1107 - Die Mutation
Durch das Dach schimmerte sehr schwach das Mondlicht.
Schatten, wenig Licht. Dunkle Ecken, das leise Summen der Klimaanlage, dann die Stimme der Frau.
»Kommen Sie ruhig näher, Mister. Ich habe Sie schon erwartet!«
»Okay.«
Ich war ruhig geblieben, obwohl ich mich ärgerte. Ich hätte lieber die Initiative ergriffen, so aber mußte ich mich leider fügen. Ich ging auch schneller und sah sie dann direkt vor mir stehen, und zwar dort, wo der Durchgang anfing und die Beete aufhörten. Dort war genügend Platz. Nichts störte mehr. Ich sah eine Bank aus Eisen, einen Tisch daneben, einige Vasen und auch Tröge. Die Ausstattung erinnerte mich an die einer Gärtnerei.

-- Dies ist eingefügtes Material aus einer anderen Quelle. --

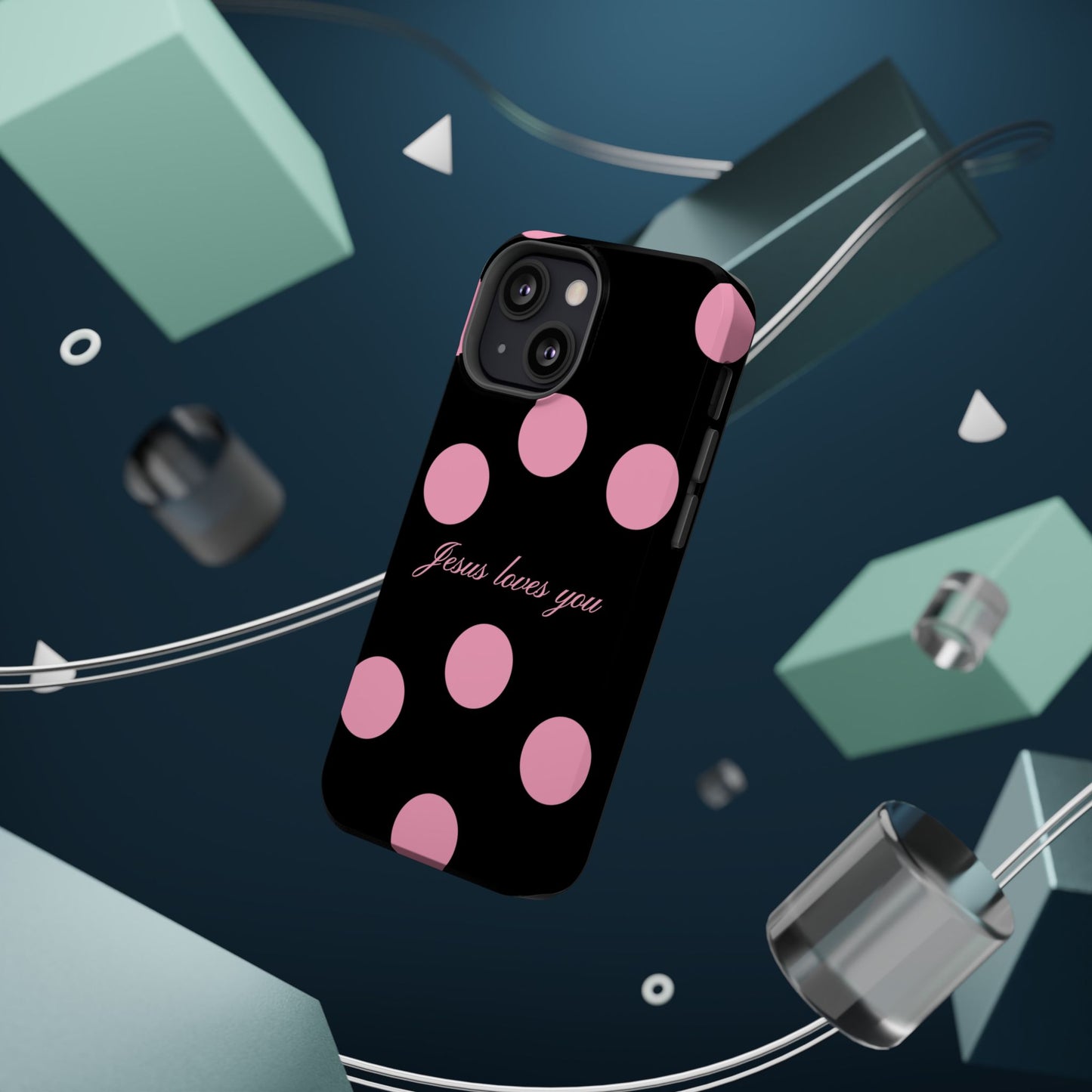 Jesus loves you Pink and Black Polka Dot MagSafe Phone Case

Jana lächelte mich sogar an. Etwa einen Schritt von ihr entfernt blieb ich stehen. Sie war gut gebaut und kleiner als ich. Das Haar hing wirr um ihren Kopf, und die Lippen hatten sie zu einem kalten Lächeln verzogen.
»Ich wußte es. Sie würden nicht aufgeben. Sie sind ein verdammter Schnüffler.«
»Das haben Polizisten so an sich.«
»Ja, ich weiß.«
»Mein Name ist übrigens John Sinclair.«
»Na und?«
»Wie heißen Sie?«
»Jana Cusack.«
»Die Frau?«
»Nein, die Schwester.«
»Aha.«
»Enttäuscht?«
»Überhaupt nicht. Letztendlich spielt es keine Rolle, mit wem ich es zu tun habe.«
»Da haben Sie sogar recht.«
»Wo steckt Ihr Bruder?«
Sie drehte sich und schaute auch in die Höhe, wo tatsächlich eines der Glasfenster offenstand. Es hatte durch eine Hebelstange bewegt werden können. Jetzt wußte ich auch, welchen Weg die Fledermäuse genommen hatten.
»Sehen Sie ihn?«
»Nein, deshalb habe ich Sie gefragt.«
»Er ist weg«, sagte sie und stemmte die Hände in die Hüften. »Und Sie werden ihn auch so schnell nicht sehen.«
»Ist er bei seinen Freunden?«
»Kann sein.«
Sie fühlte sich gut. Sie hielt mich immer auf Distanz. Sie sagte viel und trotzdem nichts.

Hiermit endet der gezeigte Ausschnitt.